Experimentation is easy🔗

We built Harlan using a the nanopass philosophy. The compiler is structured as many passes that are each responsible for making one fairly small change to the language. This has a lot of benefits. It's been easy to refactor or rewrite portions of the compiler as necessary. Most passes can be written or rewritten in an afternoon. Each pass is easier to debug because it's only concerned with a small portion of the language. We can insert optimization steps at the right level of abstraction. For example, kernel fusion happens relatively early because it is a high level, structural optimization. On the other hand, it would make sense to put more traditional compiler optimizations, such as common subexpression elimination a bit later when the language is lower level.

DSLs in Scheme are the norm🔗

Macros are a favorite feature of any serious Schemer. Basically, they let you build the perfect language for whatever program you happen to be writing. We realized early on that with our many compiler passes, we could run into problems where language forms might leak further through the compiler than they're meant to, or a poorly written pass might generate outright invalid code. To combat this, Claire wrote an awesome grammar verifier, which checks to make sure that the output of each pass conforms to some grammar. At times it was tedious to have to go through and update the grammars when the language changed, but overall I'm convinced that this has saved us time by forcing us to keep the code quality high.

Andy Keep has pushed this idea to the extreme with his Nanopass Framework, which we've started using in the newer Harlan passes. With the Nanopass Framework, you can define a language, and use this to guide the development of compiler passes. Each pass transforms one language into another, and subsequent languages are specified in terms of deltas from the previous language. The Nanopass Framework makes sure that all language terms are well formed. Language terms are represented as records, which are more efficient than plain old lists. The coolest part of the Nanopass Framework, however, is that it can automatically generate many of the transformers. This lets you focus on the portions of the language that change, rather than duplicating language forms that remain the same.

You can save parsing for later🔗

Parsing isn't a terribly interesting problem. One of the great consequences of Scheme's homoiconicity is that you basically have a universal grammar built in. Rather than writing a parser, we just read in S-expressions from a file and go to town. We originally envisioned a C-like syntax for Harlan, but decided we wanted to focus on the implementation and do parsing later.

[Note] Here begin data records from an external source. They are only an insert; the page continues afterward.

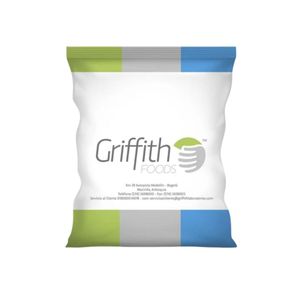 Apanado Zafrán x 5000 Gr Bolsa - Bolsa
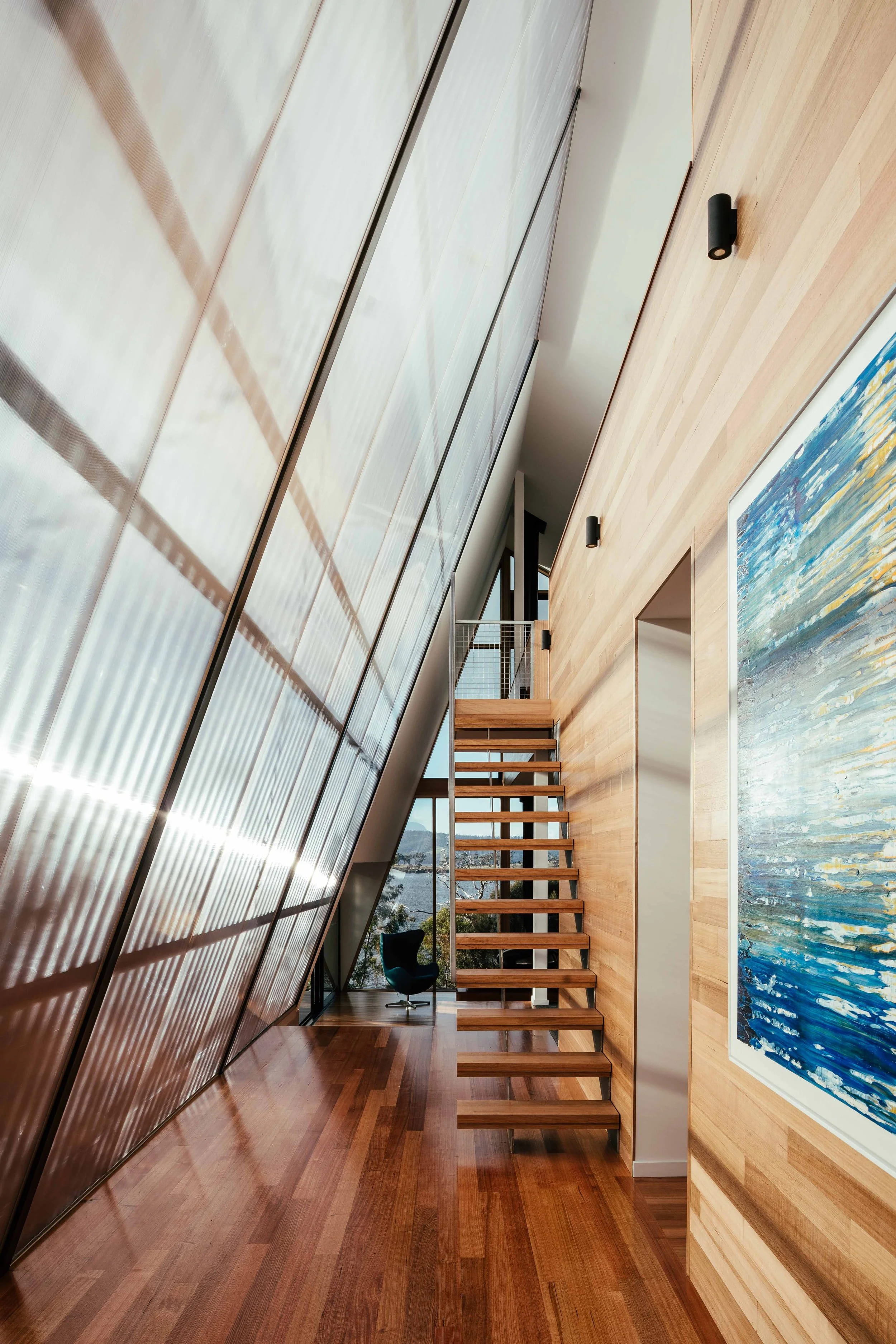 APOLLO+BAY+BEACH+HOUSE+_2815_29.jpg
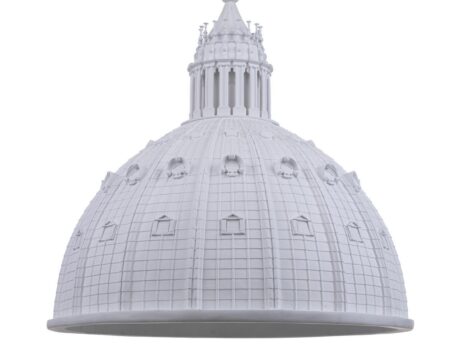 Cupolone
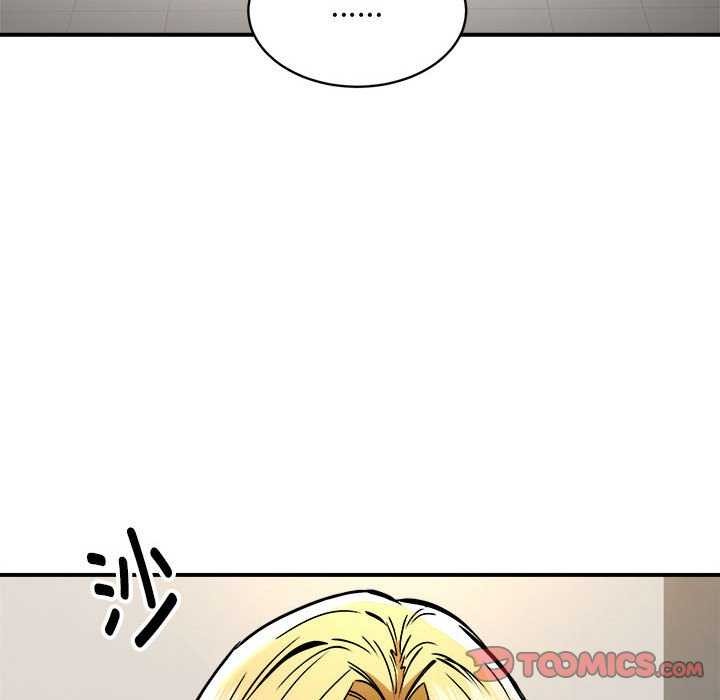 第32话 - 第117.jpg页
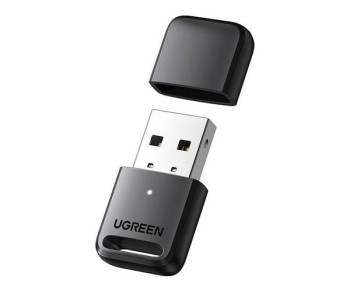 UGREEN 80890 USB BLUETOOTH 5.0 ADAPTER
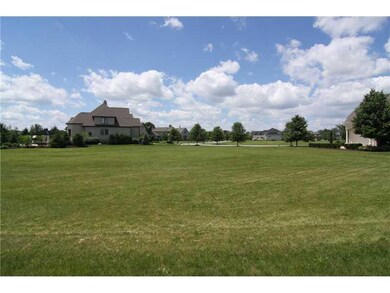 11325 Talnuck Cir, Fishers, IN 46037 - photo 5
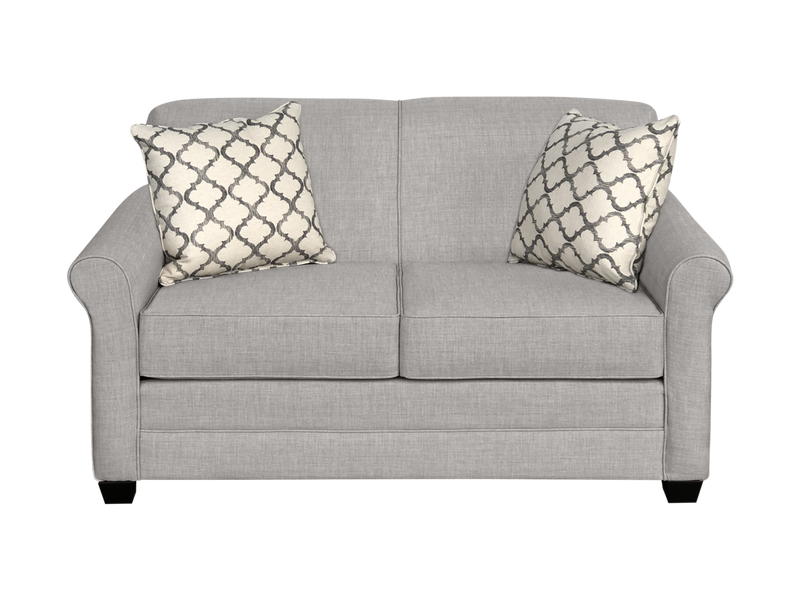 Victor Sofa Bed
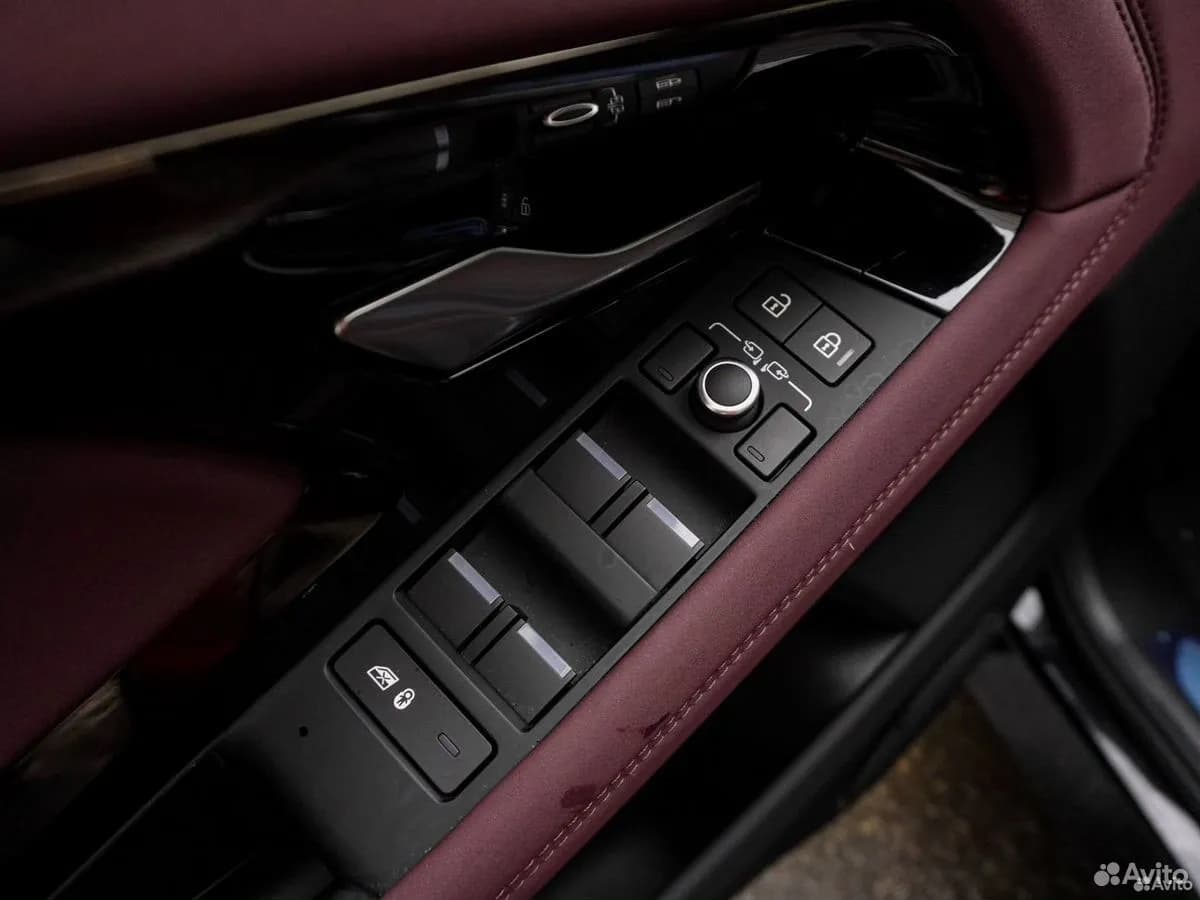 Land Rover Range Rover Evoque — фото 15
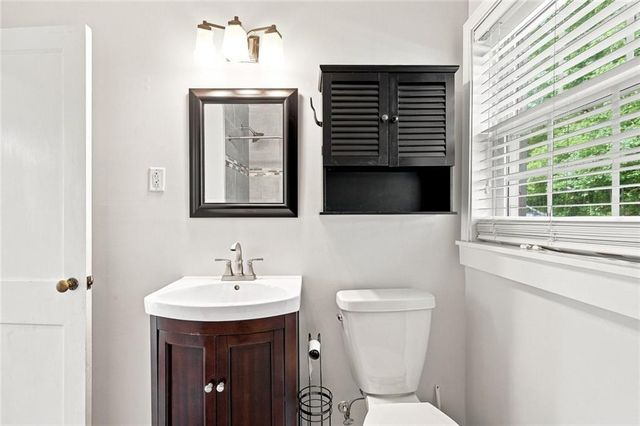 560 Goldsboro Road NE B, Atlanta, GA 30307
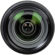 Fujifilm 32-64mm f/4: Picture 8 thumbnail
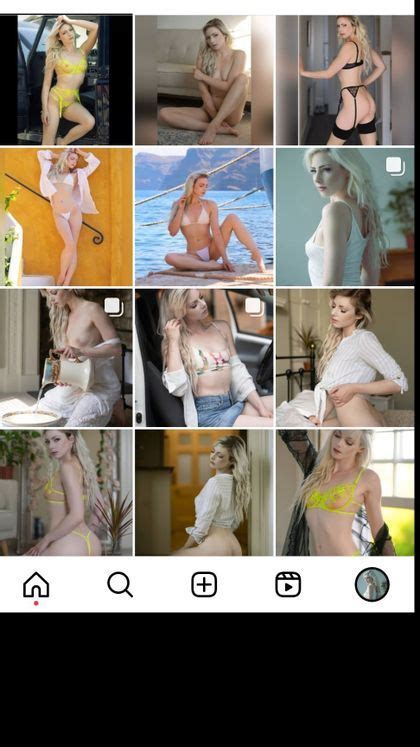 Best Hot Lilyroze Onlyfans Accounts Paid Sorted By Likes Fansmetrics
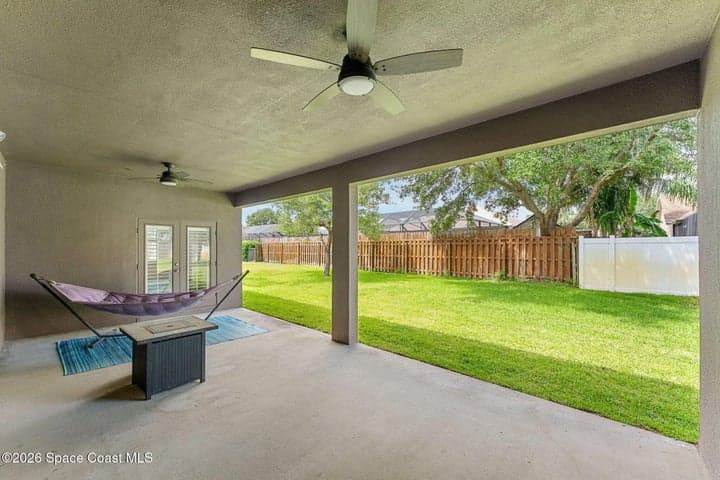 235 Sirius Court, Melbourne, FL 32904 — photo 25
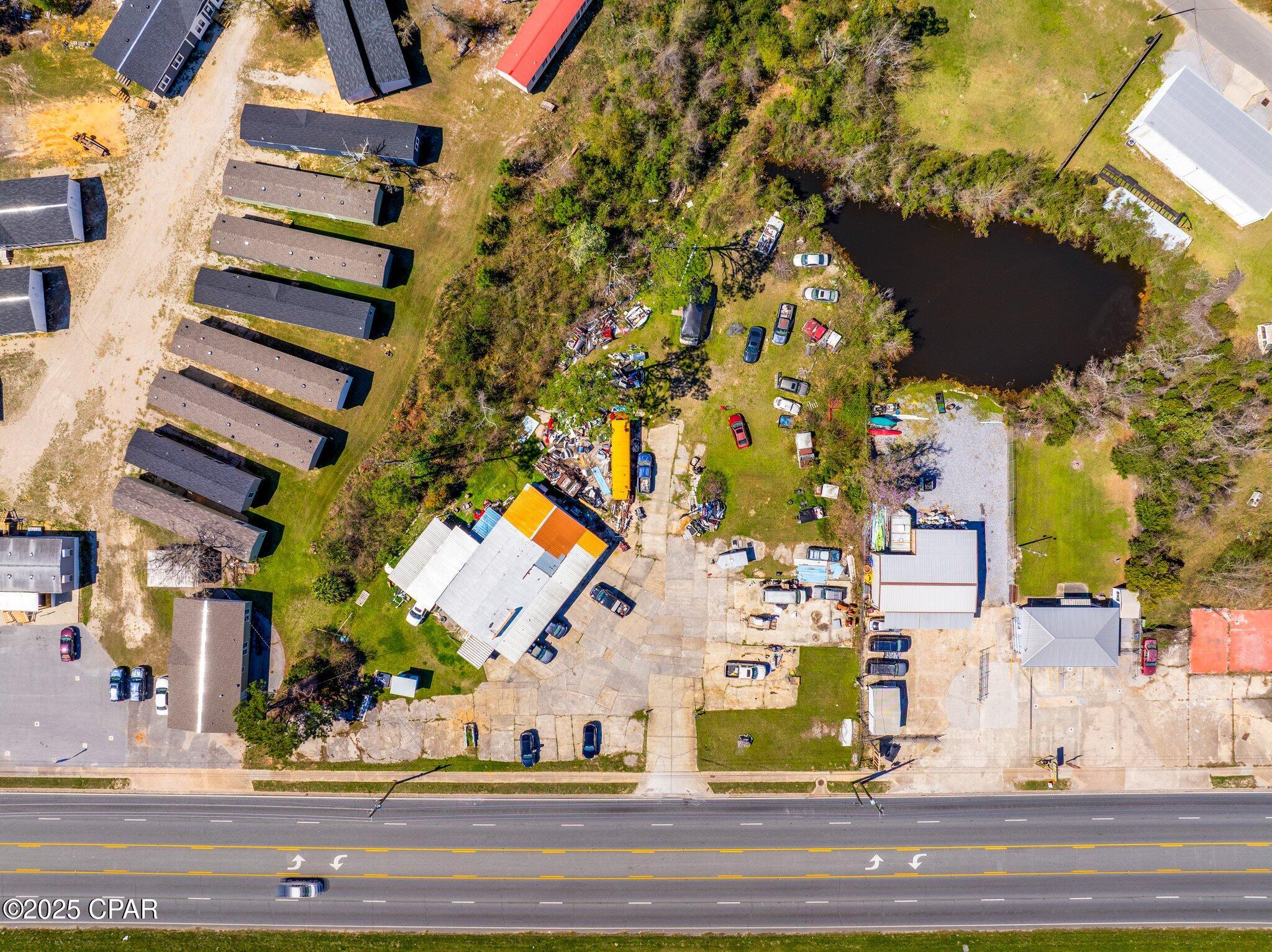 Pleaycvaq_q9vchwwlltefug 9a2fsxns9mz9vxqz3y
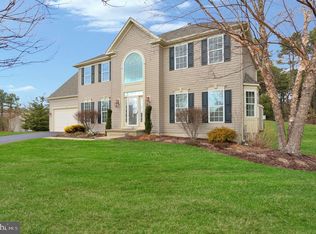 143 Rockrimmon Blvd, Barnegat, NJ 08005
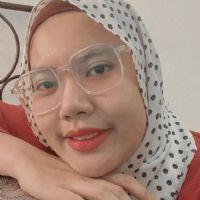 Hamizah Binti Abd Aziz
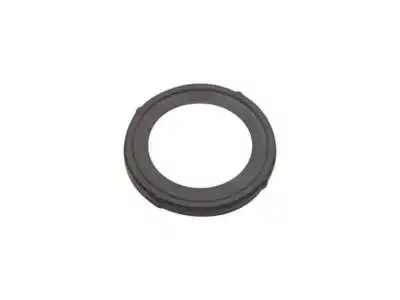 Engine Valve Cover Gasket Set 12343PR7A00 HONDA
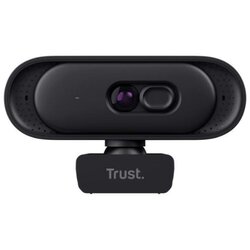 Trust TOMAR 2K QHD web kamera Cijene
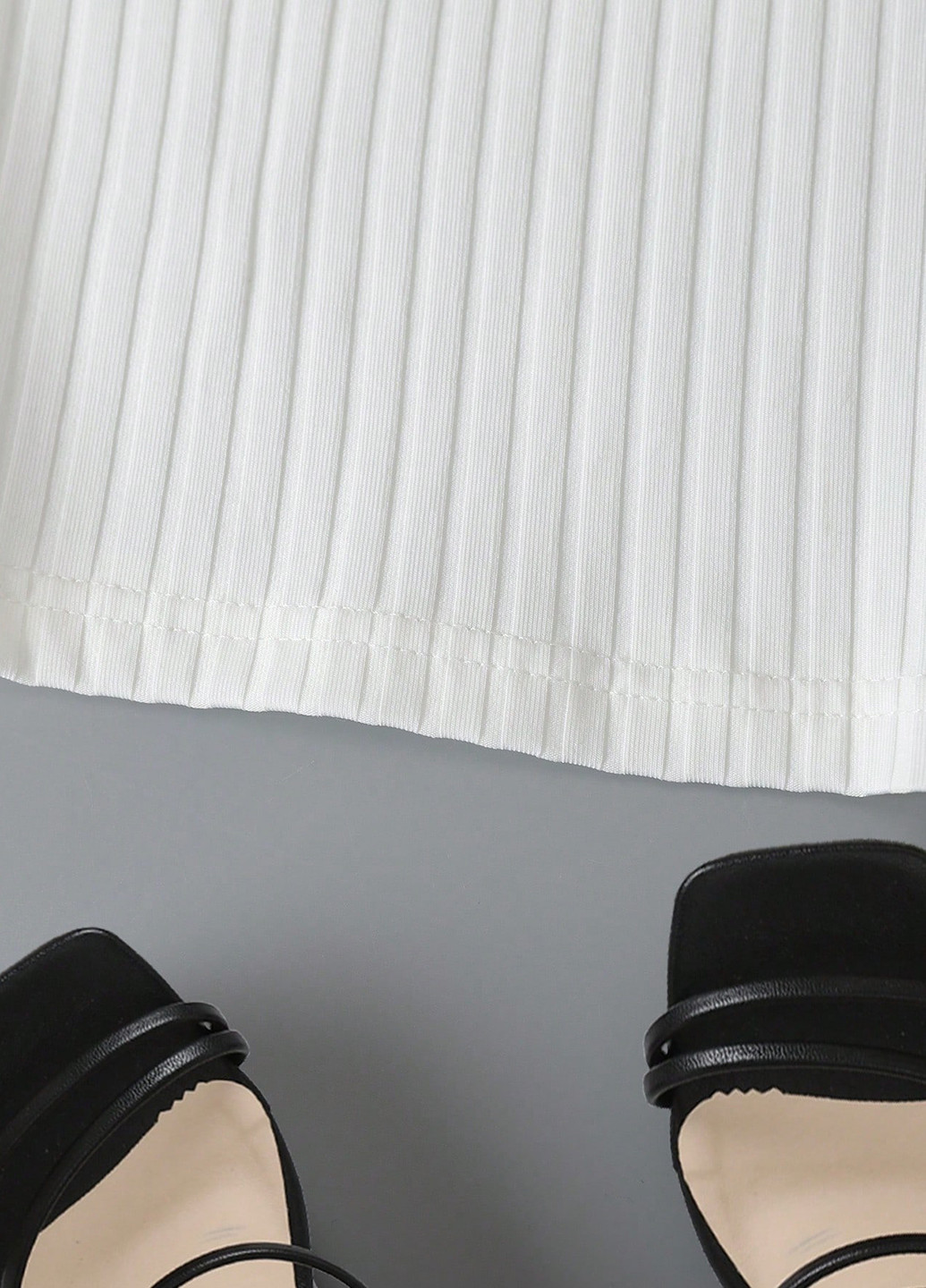 Майка SHEIN — 346168231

As I understand it, this is basically how Lisp's syntax came about. The implementors didn't want to spend a lot of time on parsing at first, so they decided to write programs in the actual abstract syntax tree. Over time, the syntax stuck. A similar thing happened with Harlan. We intended to design a more traditional syntax for the language, but the fact that we had S-expressions influenced the design of the language. For example, we realized many of the forms we wanted in Harlan could be implemented as source level transformations, and so we added a macro system to enable this.